# Litter Training Success!



## SilverQuill (Jan 21, 2010)

On top of being an awesome mom our little girl has used strictly her litter box in the past 2 days without our help! We are stoked that she is picking it up even considering how tired she must be from dealin with the kids an such. I know some take to it and some don't, but for those of you trying to train yours here's a couple tips, always place at least 1 or 2 of the poops ya pick up while cleaning the cage into the litter box, and right before you bring your hedgie out for some bonding time (best after they wake up in the evening) set them into the litter box for a couple of min before you take them out.
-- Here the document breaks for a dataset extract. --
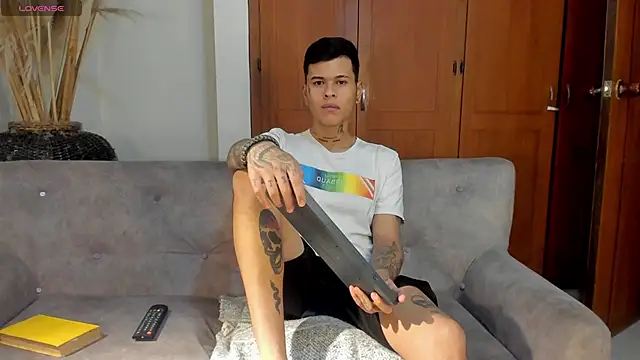 jamesinked  online show from 11/13/25, 01:31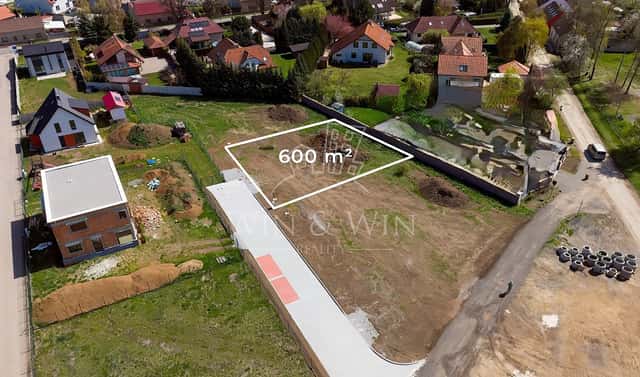 Prodej stavebního pozemku 600 m², Úhonice, okres Praha-západ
That's what we did and she took to it pretty quick!


----------



## rebeccaeric18 (Jan 27, 2010)

Perfect! Thanks for the tips! Im going to try and train harlow very soon


----------



## courtno (Mar 9, 2010)

Thanks for the tips! I'm going to work on getting Adler litter trained soon! I hope she takes to it so I can oust the shavings and stick with the fleece like a lot of people here use. I think she'd like it better. Wish me luck!


----------



## Paunchy (Mar 14, 2010)

When I switched Paunchy over from shavings to a cage liner, I put a bunch of the old shavings in his new litter box. When I put him back in his cage he was none too pleased to be confronted with change, but he took to the new litter box immeadiately and has been useing it ever since. So now when I change his litter I find it helps to put a bit of the old stuff in with the new so he knows thats where his "business" goes lol


----------